== Records shown ==
= Beginning of Section =

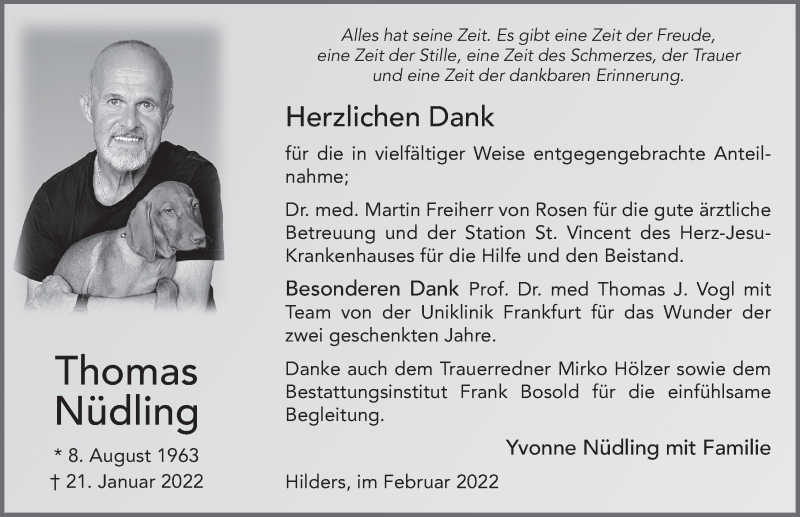  Traueranzeige für Thomas Nüdling vom 12.02.2022 aus FZ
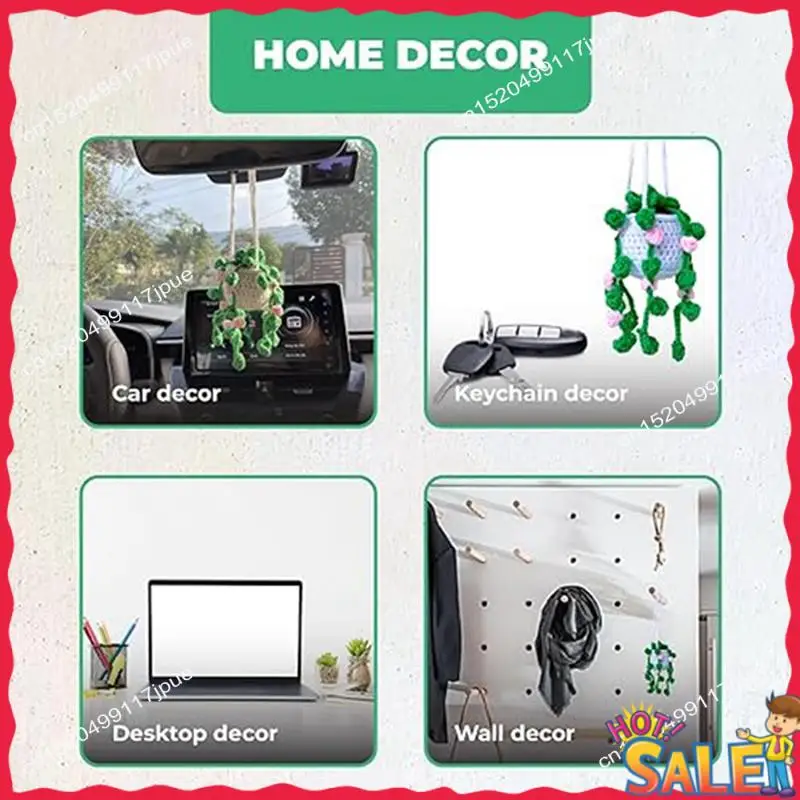 BOFO 1 Piece Car Plant Hangings Car Decorative Rearview Mirror Pendants Crochet Car Hanging Plants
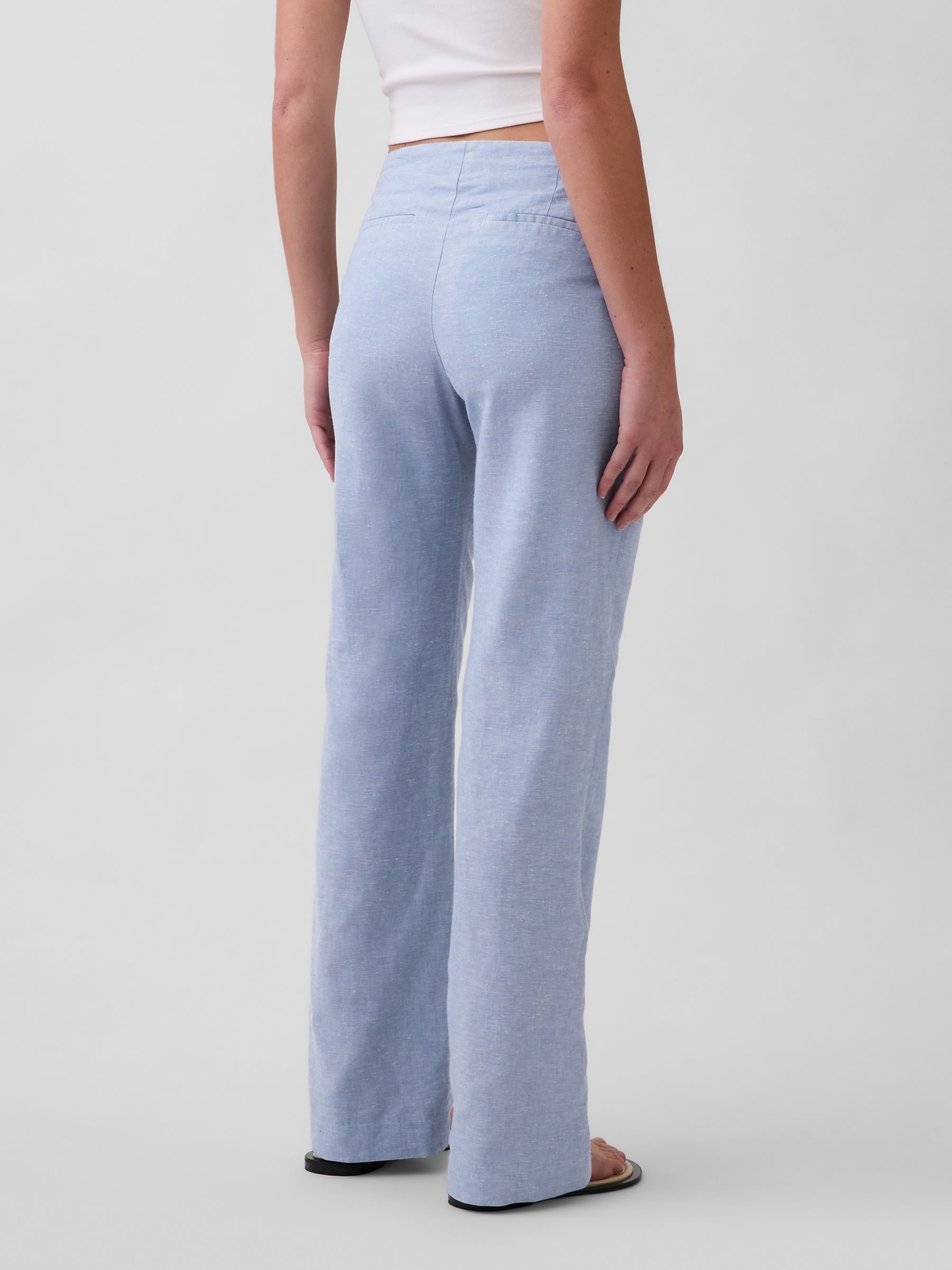 Blue Low Rise Linen-Blend Flare Trousers - Image 2 of 4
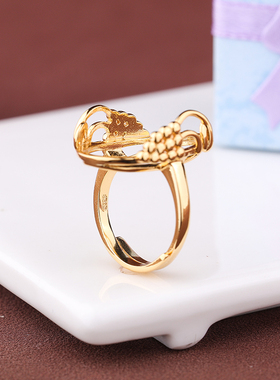 戒托空托s925银 空托 女款蜜蜡 琥珀银戒指空托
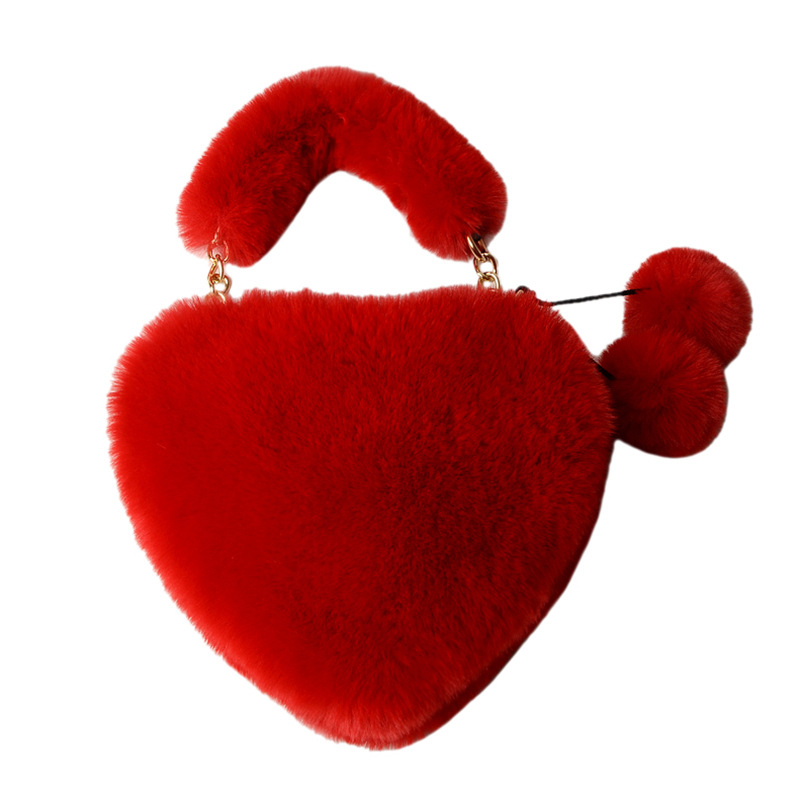 Fabricante en stock bolsa de corazón de melocotón portátil moda felpa en forma de corazón bolsa de peluche bolso de las mujeres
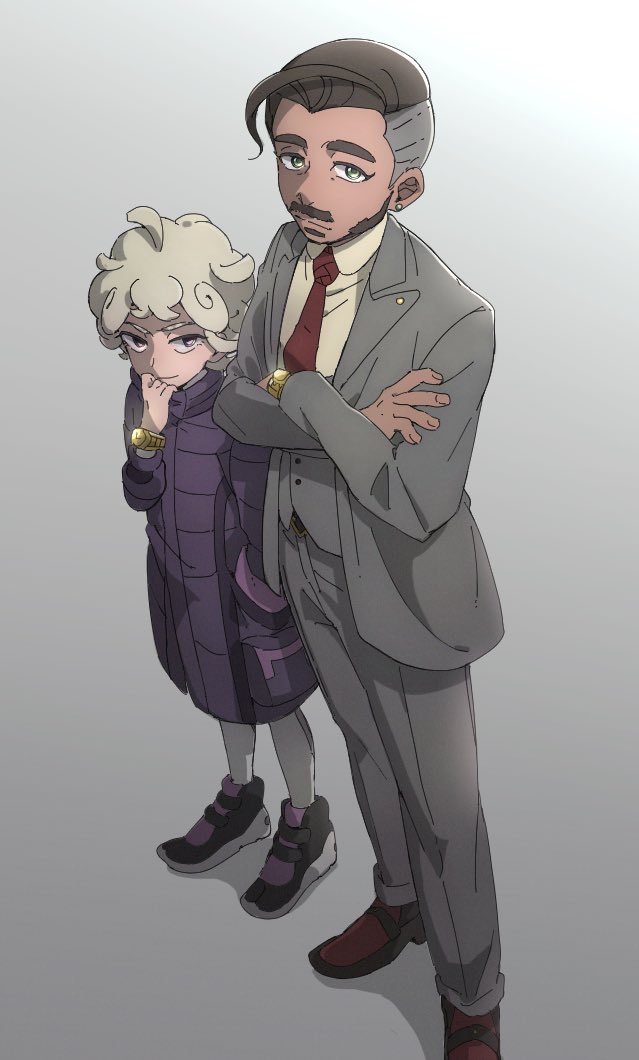 2boys bede_(pokemon) black_footwear black_hair blonde_hair business_suit closed_mouth coat collared_shirt commentary_request crossed_arms curly_hair earrings facial_hair grey_background grey_eyes grey_jacket grey_pants grey_vest hand_to_own_mouth hand_up jacket jewelry long_sleeves looking_at_viewer male_focus marutei2 multiple_boys mustache necktie pants pokemon pokemon_(game) pokemon_swsh pouch purple_bag purple_coat red_necktie rose_(pokemon) shirt shoes short_hair smile sneakers standing suit undercut vest watch watch white_pants white_shirt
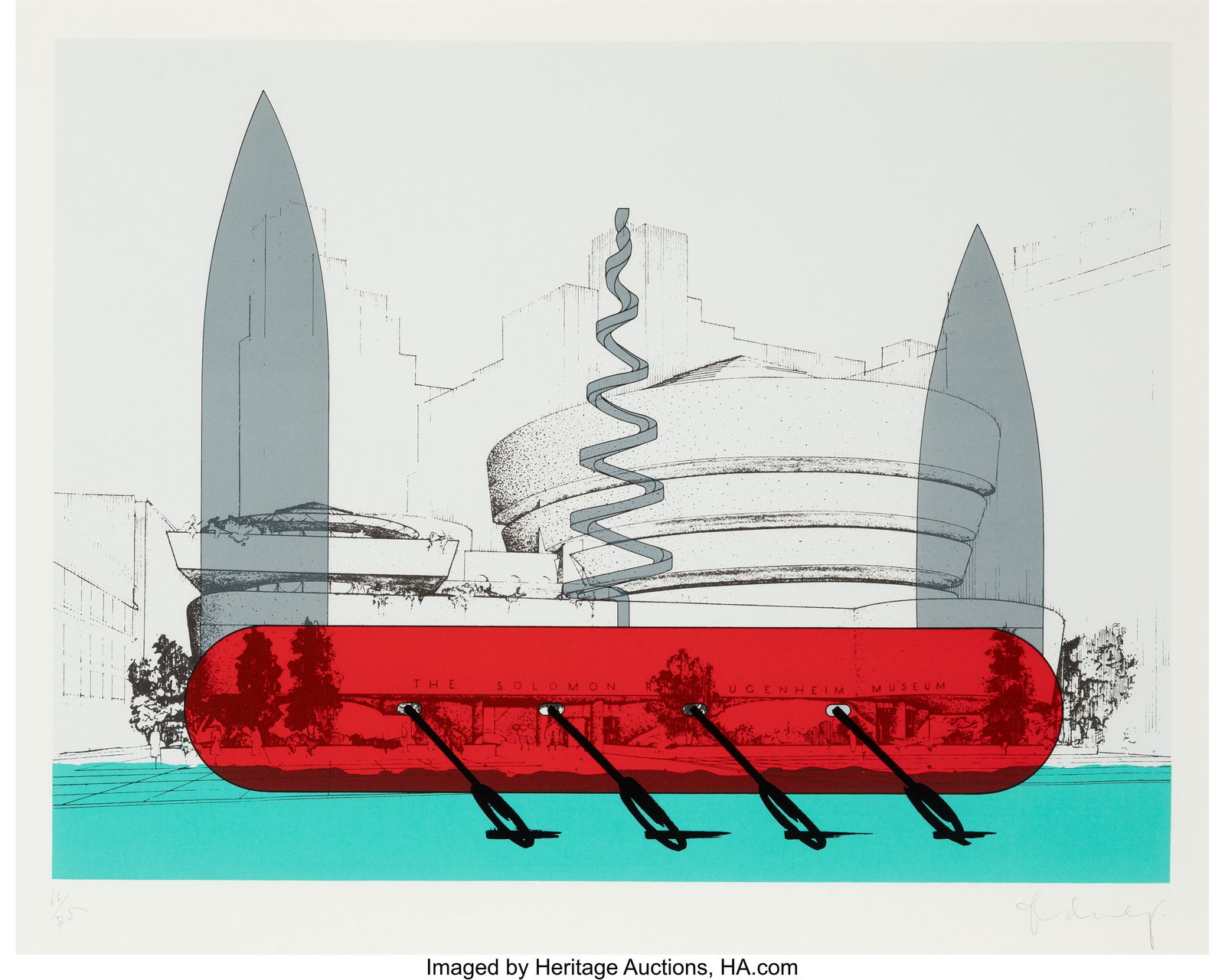 Claes Oldenburg (1929-2022) Knife Ship Superimpo: Claes Oldenburg (1929-2022) Knife Ship Superimposed on the Solomon R. Guggenheim Museum, 1986 Screenprint in colors on Coventry Rag paper 24-1/2 x 30-1/2 inches (62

= End of Section =

== Your objective ==
Each record above should be copied character for character, with pictures dropped.

== Answer for this exercise ==
  Traueranzeige für Thomas Nüdling vom 12.02.2022 aus FZ
 BOFO 1 Piece Car Plant Hangings Car Decorative Rearview Mirror Pendants Crochet Car Hanging Plants
 Blue Low Rise Linen-Blend Flare Trousers - Image 2 of 4
 戒托空托s925银 空托 女款蜜蜡 琥珀银戒指空托
 Fabricante en stock bolsa de corazón de melocotón portátil moda felpa en forma de corazón bolsa de peluche bolso de las mujeres
 2boys bede_(pokemon) black_footwear black_hair blonde_hair business_suit closed_mouth coat collared_shirt commentary_request crossed_arms curly_hair earrings facial_hair grey_background grey_eyes grey_jacket grey_pants grey_vest hand_to_own_mouth hand_up jacket jewelry long_sleeves looking_at_viewer male_focus marutei2 multiple_boys mustache necktie pants pokemon pokemon_(game) pokemon_swsh pouch purple_bag purple_coat red_necktie rose_(pokemon) shirt shoes short_hair smile sneakers standing suit undercut vest watch watch white_pants white_shirt
 Claes Oldenburg (1929-2022) Knife Ship Superimpo: Claes Oldenburg (1929-2022) Knife Ship Superimposed on the Solomon R. Guggenheim Museum, 1986 Screenprint in colors on Coventry Rag paper 24-1/2 x 30-1/2 inches (62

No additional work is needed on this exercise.